Salah satu yang berperan utama dalam pemeliharaan kebersihan adalah konsep “air najis”. Berikut penjelasan seputar air najis yang merujuk pada hukum Islam.
Pengertian Air Najis
Dikutip dari Buku Pintar Agama Islam untuk Pelajar karya Muhammad Syukron Maksum, air najis disebut juga dengan air mutannajis.
Air najis adalah air yang terkena najis sedangkan jumlahnya kurang dari dua kullah (216 liter), sehingga air tersebut berubah menjadi air yang tidak suci dan tidak pula mensucikan.
Pembagian Air
Dikutip dari buku Fatwa-Fatwa Imam Asy-Syafi’i: Masalah Ibadah karya Asmaji Muchtar, Asy-Syafi’i mengatakan bahwa terdapat dua jenis air, yaitu air mengalir dan air menggenang.
a. Air Mengalir
Jika dalam air tersebut terdapat sesuatu yang diharamkan seperti bangkai, darah, atau sejenisnya dan berhenti pada suatu muara, maka air tersebut menjadi najis jika kadar air lebih sedikit (kurang dari lima geriba) dari bangkai yang masuk di dalamnya.

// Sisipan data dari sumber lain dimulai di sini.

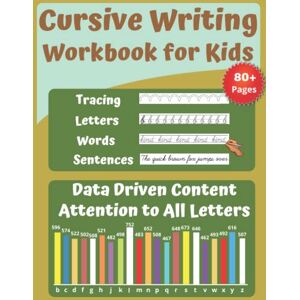 Publishing, Humbled The Complete Beginner Cursive Handwriting Workbook for Kids. Data Driven compilation of words and sentences providing practice for all letters: Ideal ... 4th 5th 6th grade kids and adults as well. Publishing, Humbled The Complete Beginner Cursive Handwriting Workbook for Kids. Data Driven compilation of words and sentences providing practice for all letters: Ideal ... 4th 5th 6th grade kids and adults as well.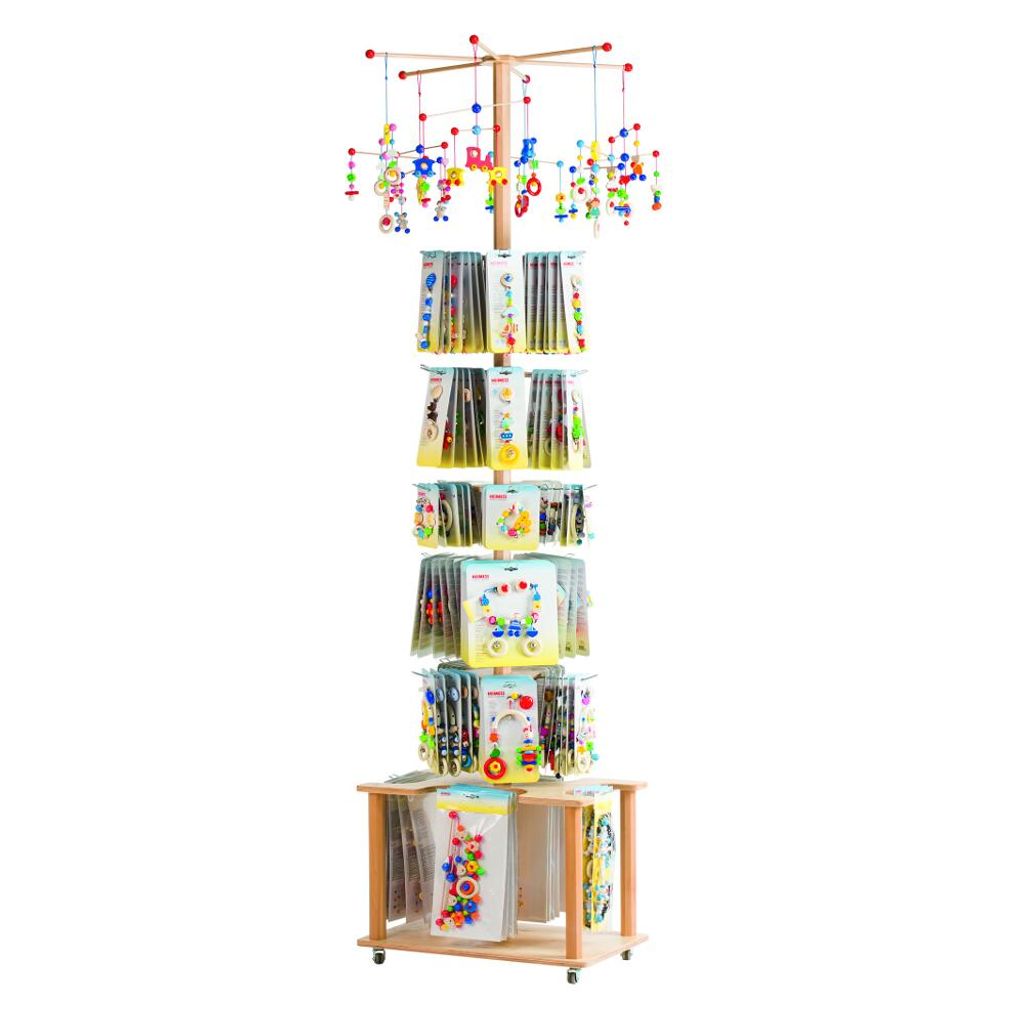 Heimess Displaystand Spielzeug Präsentationsständer Multicolor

Air mengalir juga akan menjadi najis jika tercampur dengan sesuatu yang najis hingga mengubah aroma, rasa, dan warnanya.
Namun jika kadar air lebih dari lima geriba dan tidak mengubah aroma, rasa, dan warnanya, maka tidak dikategorikan najis karena menghanyutkan kotoran.
b. Air Menggenang
Sama dengan air mengalir. Apabila air yang menggenang ini bercampur dengan sesuatu yang bercampur dengan sesuatu yang najis hingga mengubah warna, aroma, dan rasanya, maka air itu akan menjadi najis.
Jika air di dalam suatu wadah bercampur dengan najis, maka yang harus dilakukan adalah membuang airnya dan mencuci wadah tersebut.
Namun jika anjing dan babi minum dari wadah tersebut, maka harus dicuci tujuh kali dan salah satunya disertakan dengan tanah
Hukum Seputar Air Najis
Dikutip dari buku Fikih Empat Madzhab Jilid 1 karya Syaikh Abdurrahman Al-Juzairi, air najis tidak boleh digunakan dalam hal ibadah maupun untuk keperluan sehari-hari.
Jika air najis tersebut dipergunakan, maka akan membuat najis karena air tersebut adalah air yang najis.
Mazhab Hanafi mengatakan bahwa air najis haram dipakai dan dimanfaatkan, kecuali dalam dua keadaan,
Keadaan pertama yaitu adukan tanah yang tercampur najis, begitu pula dengan gipsum, kapur, semen, dll. Maka air tersebut boleh dipergunakan.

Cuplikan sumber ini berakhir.